Provided records.

((

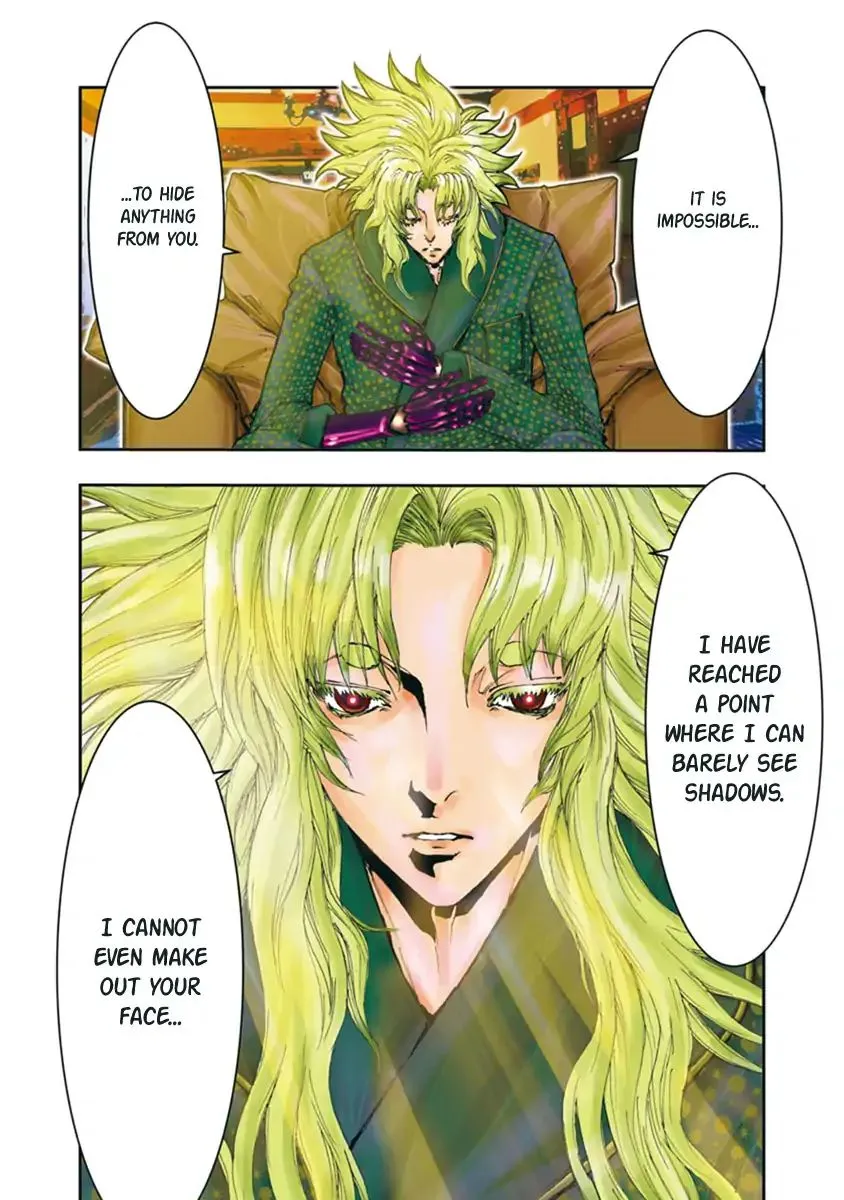 Saint Seiya Episode.g -Assassin- - Page 1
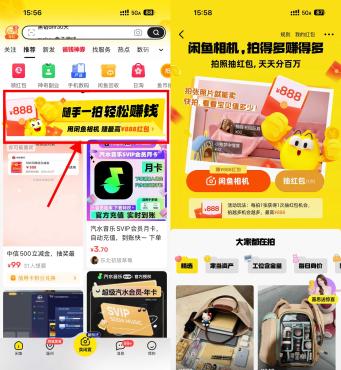 咸鱼每天拍照抽0.88~888亓红包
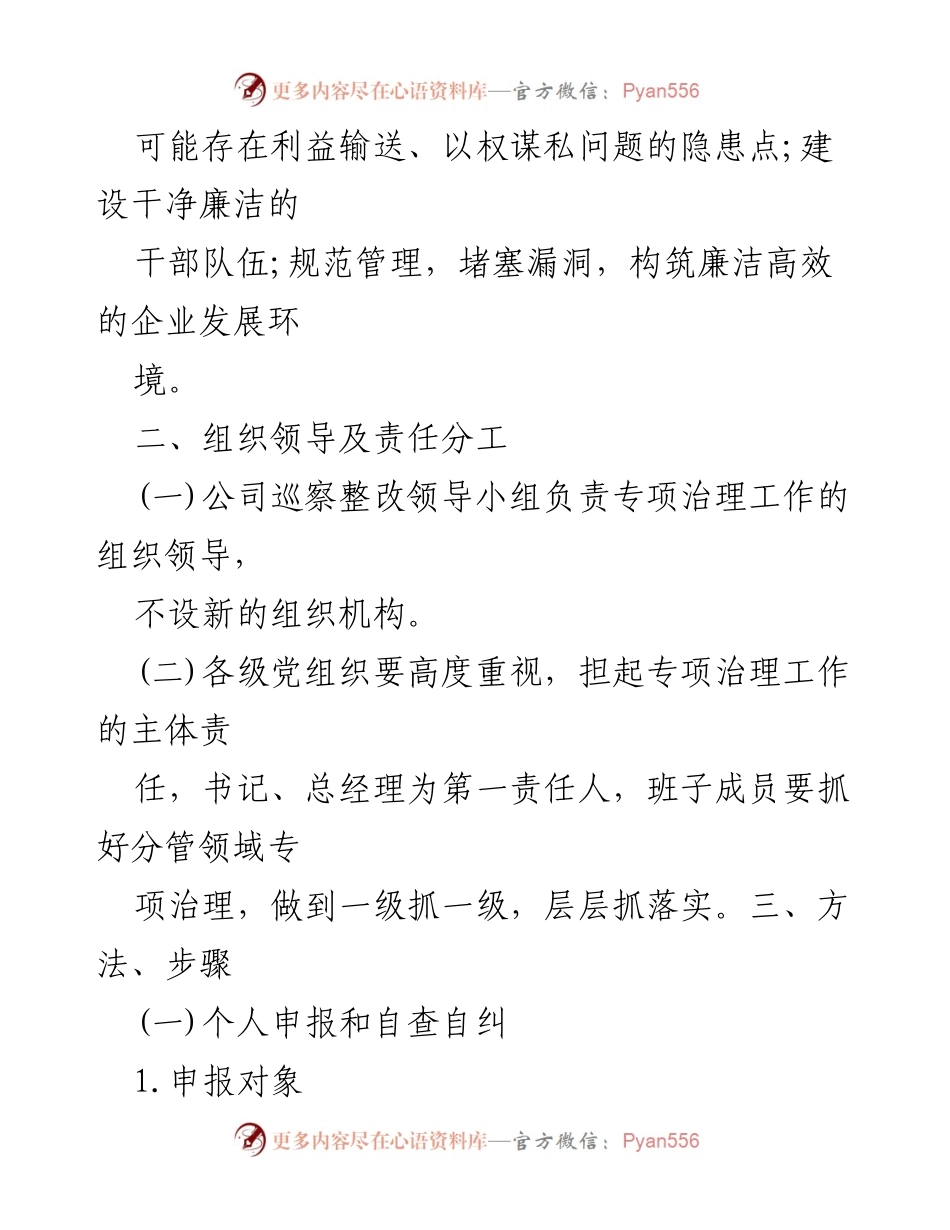 [工作方案] 专项治理工作 - 开展靠企吃企、关联交易、违规经商办企业问题专项治理工作方案.docx_第2页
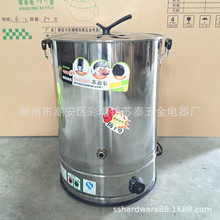 商用煮水保温桶 可调温奶茶桶 不锈钢防干烧电热开水桶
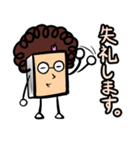 オバほん（日本語・敬語版）（個別スタンプ：40）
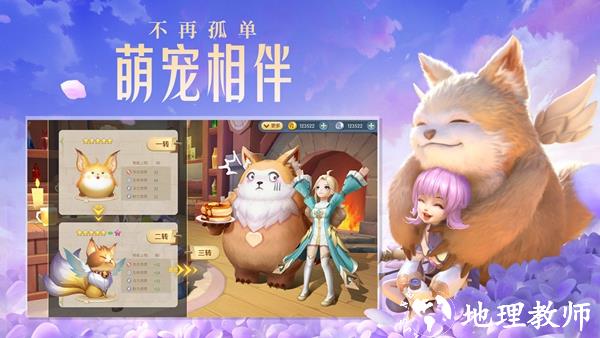 云上城之歌低配版1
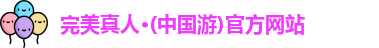 WM完美真人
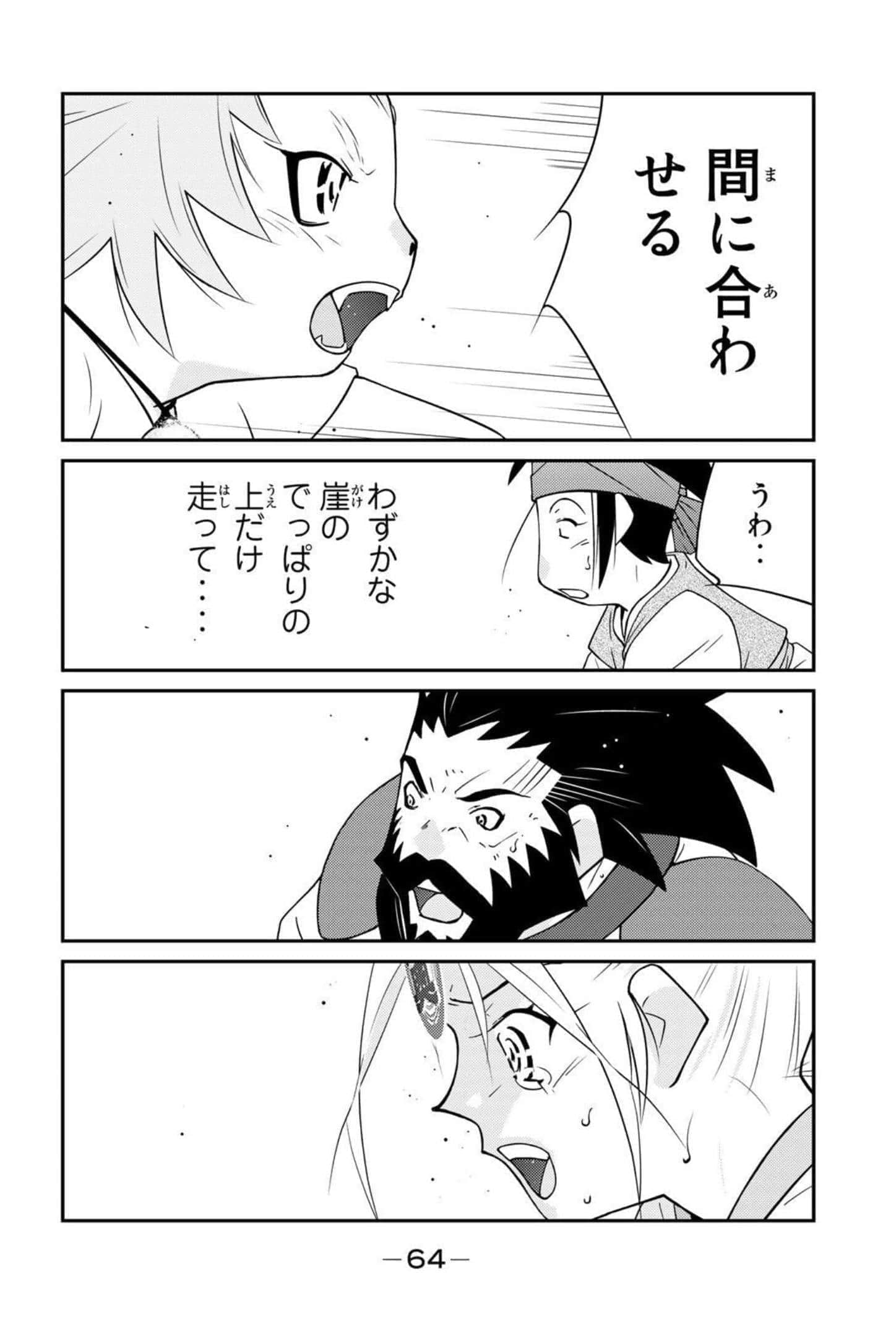 第 65 页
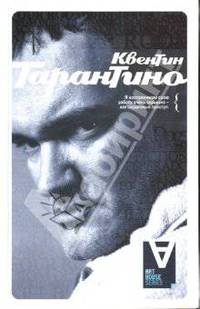 Квентин Тарантино: Интервью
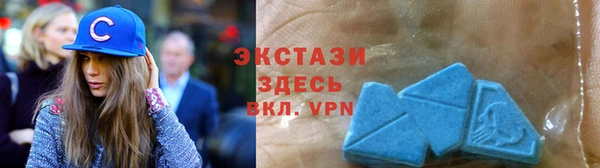 альфа пвп Красноперекопск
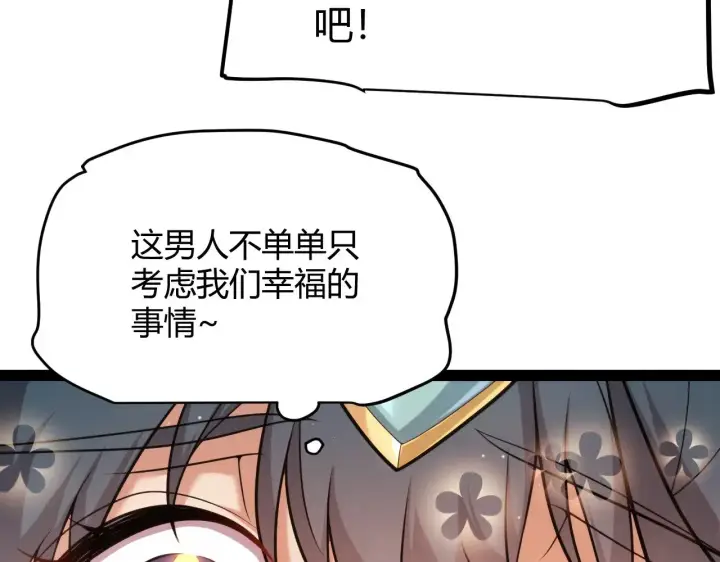 《我来自游戏》第280话 漫步其中的凌策图28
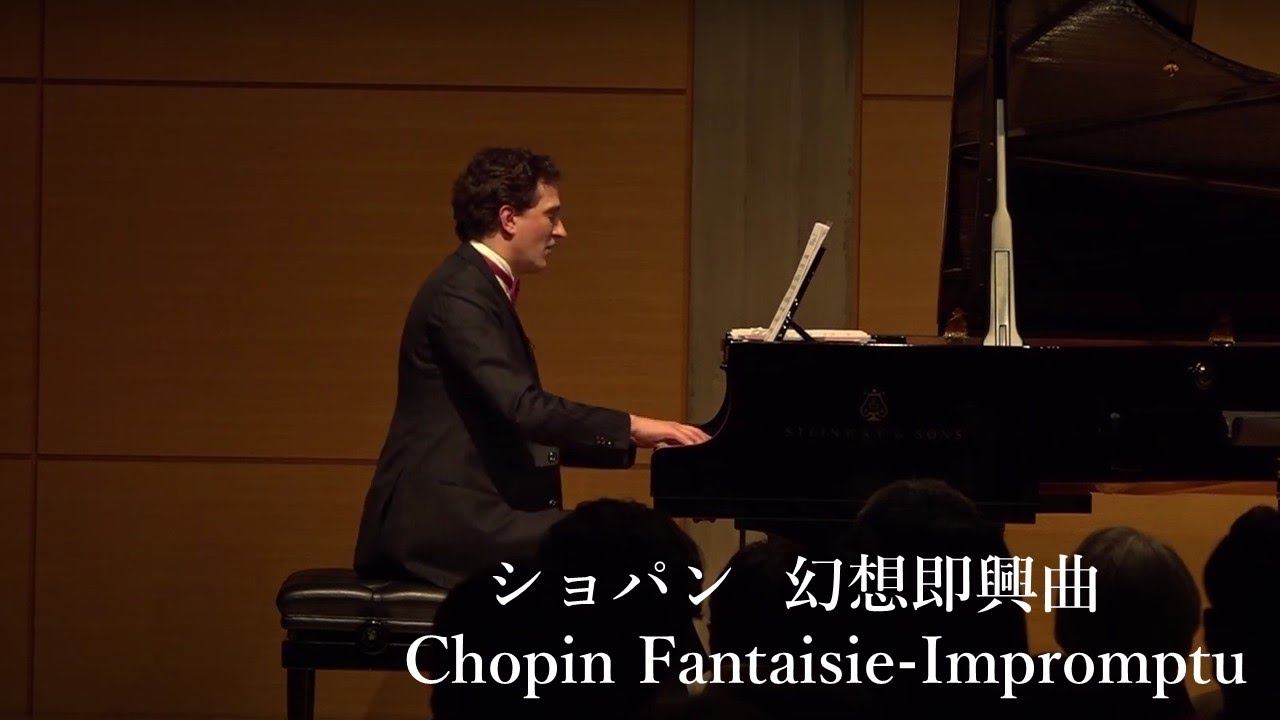 ショパン『幻想即興曲(Chopin Fantaisie-Impromptu)』／クリスティアン・アガピエ　東京オペラシティ・リサイタルホール(2023年4月29日)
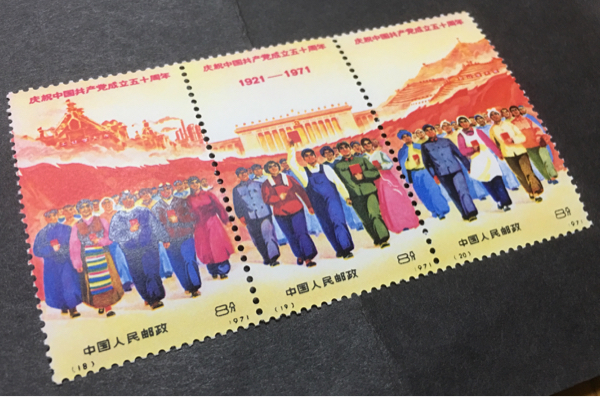 中国切手　革4　中国共産党50周年　1971年　未使用　9種完 革4 9種完 中国共産党50周年 1971年 ◇希少◇中国切手 中国切手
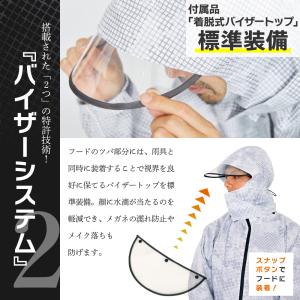 レインスーツ 上下セット 自転車 メンズ レデ...の詳細画像3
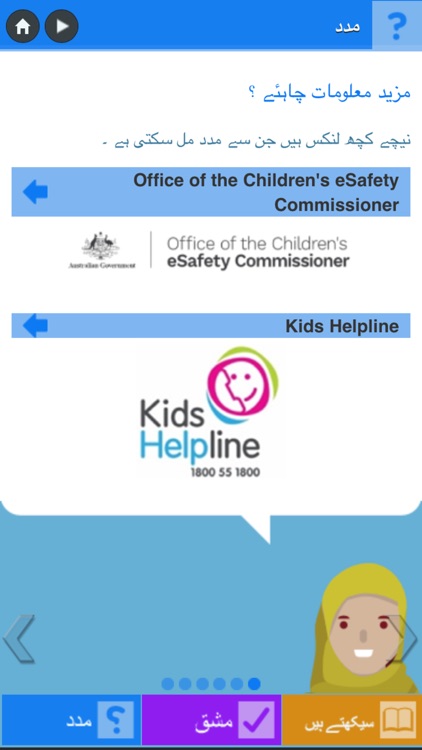 CyberParent Central Asia screenshot-6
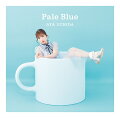 【楽天ブックス限定先着特典】Pale Blue(ブロマイド)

))

Your assignment. Repeat exactly the lines from the one containing "商用煮水保温桶 可调温奶茶桶 不锈钢防干烧电热开水桶" to the last line of the data above, both included, and write no pictures into the copy.

Reply.
 商用煮水保温桶 可调温奶茶桶 不锈钢防干烧电热开水桶
 オバほん（日本語・敬語版）（個別スタンプ：40）
 云上城之歌低配版1
 WM完美真人
 第 65 页
 Квентин Тарантино: Интервью
 альфа пвп Красноперекопск
 《我来自游戏》第280话 漫步其中的凌策图28
 ショパン『幻想即興曲(Chopin Fantaisie-Impromptu)』／クリスティアン・アガピエ　東京オペラシティ・リサイタルホール(2023年4月29日)
 中国切手　革4　中国共産党50周年　1971年　未使用　9種完 革4 9種完 中国共産党50周年 1971年 ◇希少◇中国切手 中国切手
 レインスーツ 上下セット 自転車 メンズ レデ...の詳細画像3
 CyberParent Central Asia screenshot-6
 【楽天ブックス限定先着特典】Pale Blue(ブロマイド)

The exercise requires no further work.